YOUR OBJECTIVE - Set down the records exactly, and omit any image found in them.

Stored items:

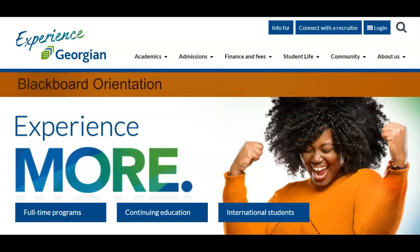Welcome to your Blackboard orientation. In this video we will cover the essential items for your course progression and help you become more comfortable using Blackboard.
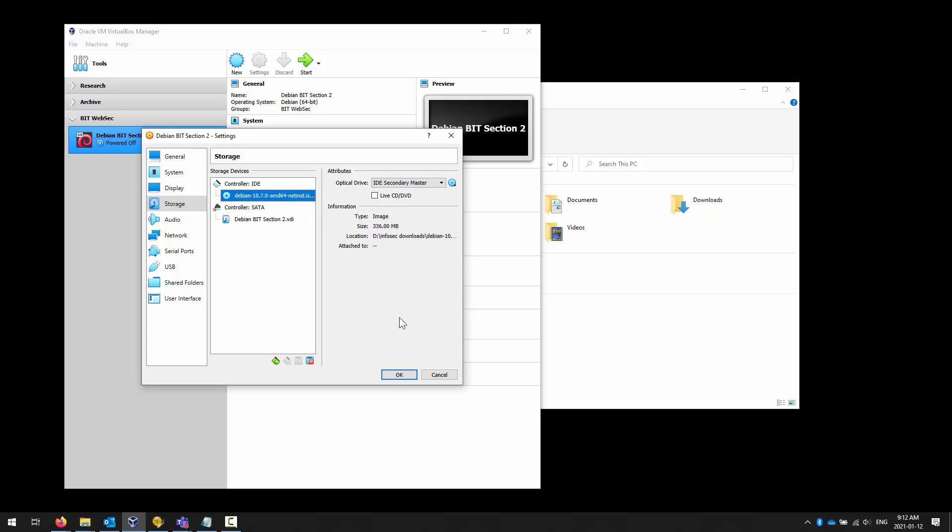Some of you may know there are OVA files you can download that are Debian ready-to-go. That's fine — when we start looking at attacking virtual machines we'll use those OVA files. But referring back to my earlier point: we want to ensure we only install what we need as part of the pre-hardening process. Going through the installation wizard limits what gets installed and limits risk.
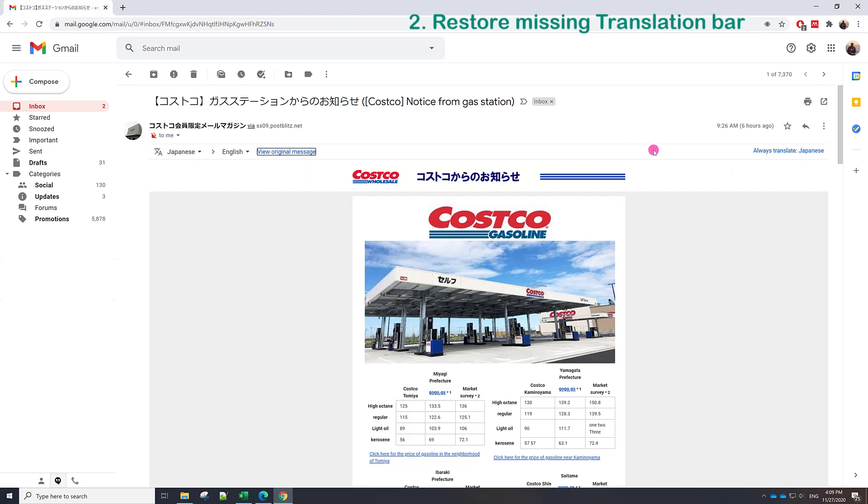For example, if you click here always translate Japanese, this bar will be keeping on for all coming messages in Japanese. But sometimes we don't have this option. This option is kind of missing.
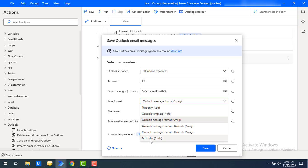MHT is a web page archive format which stands for MIME HTML. MHT format files mainly open in browsers like Internet Explorer and Firefox with the help of add-ons. Converting individual Outlook emails to MHT format can also be done within Outlook itself, and there is an option for that here as well.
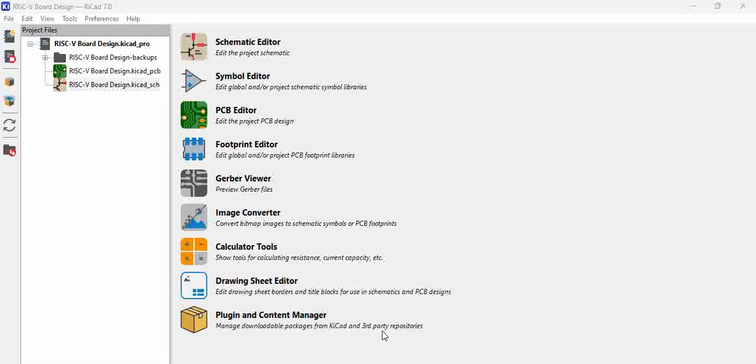Hello all. For any schematic project, libraries are very important. Libraries are symbol libraries as well as footprint libraries, and we actually assign footprints to symbols in the project and then use them.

WRITTEN ANSWER -
Welcome to your Blackboard orientation. In this video we will cover the essential items for your course progression and help you become more comfortable using Blackboard.
Some of you may know there are OVA files you can download that are Debian ready-to-go. That's fine — when we start looking at attacking virtual machines we'll use those OVA files. But referring back to my earlier point: we want to ensure we only install what we need as part of the pre-hardening process. Going through the installation wizard limits what gets installed and limits risk.
For example, if you click here always translate Japanese, this bar will be keeping on for all coming messages in Japanese. But sometimes we don't have this option. This option is kind of missing.
MHT is a web page archive format which stands for MIME HTML. MHT format files mainly open in browsers like Internet Explorer and Firefox with the help of add-ons. Converting individual Outlook emails to MHT format can also be done within Outlook itself, and there is an option for that here as well.
Hello all. For any schematic project, libraries are very important. Libraries are symbol libraries as well as footprint libraries, and we actually assign footprints to symbols in the project and then use them.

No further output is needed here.